Le conflit en cours a détérioré les relations diplomatiques de la Jordanie avec Israël.
Et celles d'autres Etats arabes de la sous-région. Le fait que le Hamas soit considéré par l'Allemagne, l'Union européenne et les Etats-Unis comme une organisation terroriste ne change rien : de nombreux ressortissants des pays arabes ressentent une solidarité viscérale avec le peuple palestinien.
Empathie pour les civils palestiniens
Eckart Woertz, directeur d'études sur le Proche-Orient à l‘Institut Giga de Hambourg, explique que les dirigeants arabes ne peuvent ignorer leur opinion publique. D'après lui, "les pays du Golfe doivent verser quelques larmes de crocodile ; eux non plus n'aiment pas le Hamas qui est une branche locale des Frères musulmans, une organisation considérée comme terroriste en Egypte, en Arabie Saoudite et dans les Emirats arabes unis". Mais d'un autre côté, souligne-t-il, "il existe une empathie avec la population gazaouie et une pression énorme au sein de leur propre société."
Une responsabilité périlleuse
Les Etats du Proche ou Moyen-Orient renâclent à assumer quelque responsabilité politique ou militaire que ce soit à Gaza, après le conflit. Ils ne veulent pas risquer de se mettre à dos la population gazaouie qui pourrait garder des accointances avec le Hamas, même en cas de victoire d'Israël. Pas question dès lors d'envoyer des troupes arabes sur place, par exemple.
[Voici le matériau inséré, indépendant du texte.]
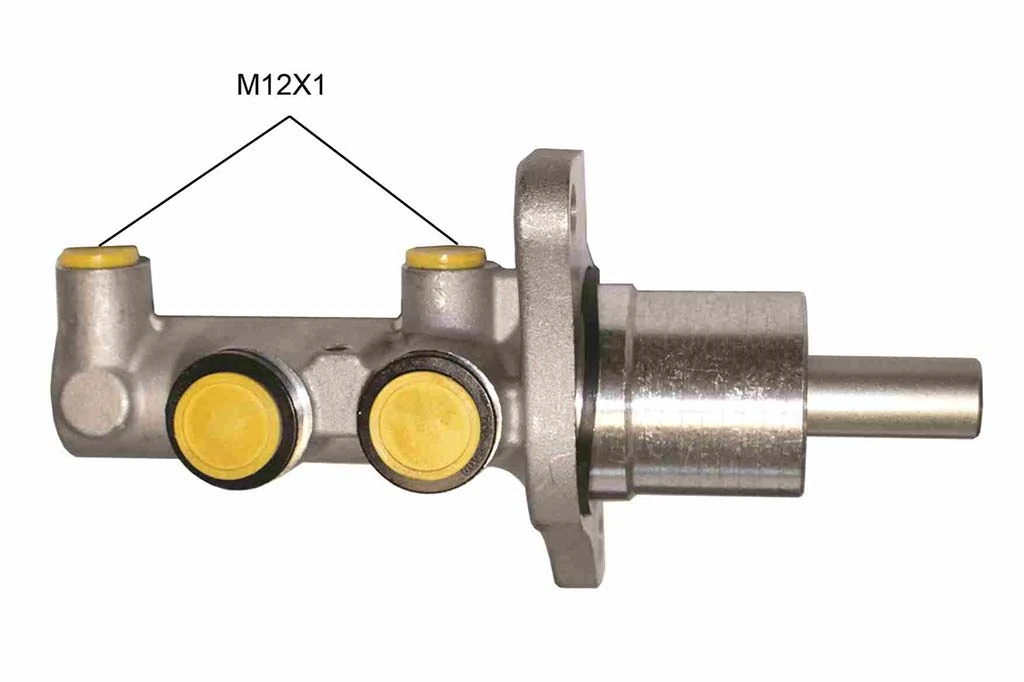 Brake Master Cylinder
Même chose pour le financement de la reconstruction d'une bande de Gaza exsangue. Selon le politologue Nicolas Fromm, de l'Université Helmut-Schmidt de Hambourg, les Etats du Golfe ne misent plus sur la "diplomatie du carnet de chèques".
"Ça c'était il y a dix ou quinze ans, explique le chercheur. Les pays du Golfe dépensaient sans compter et étaient prêts à investir beaucoup d'argent dans des projets politiques. Mais ils ont revu leur stratégie économique car les populations de ces pays ont commencé à se dire qu'elles ne voulaient pas dilapider leur capital et celui de leurs enfants dans des expériences hasardeuses. Elles appellent à une gestion plus prudente."
La "solution à deux Etats" comme lointaine sortie
En revanche, une propagation du conflit à d'autres pays n'est pas exclue étant donnée la politique hostile à Israël de l'Iran et ses alliés régionaux (Hezbollah au Liban, Huthis au Yémen, milices pro-iraniennes en Irak).
En ce cas, les puissances sunnites pourraient finalement décider d'appuyer davantage le processus de pacification, y compris par des investissements, afin de garantir un avenir serein aux Palestiniens et se prémunir eux-mêmes d'une contagion par la violence.
Eckart Woertz estime ainsi que seule une "solution à deux Etats" pourrait convaincre les pays de la sous-région d'investir. C'est-à-dire si l'Etat palestinien constitué cohabitait réellement, pacifiquement, aux côtés d'Israël.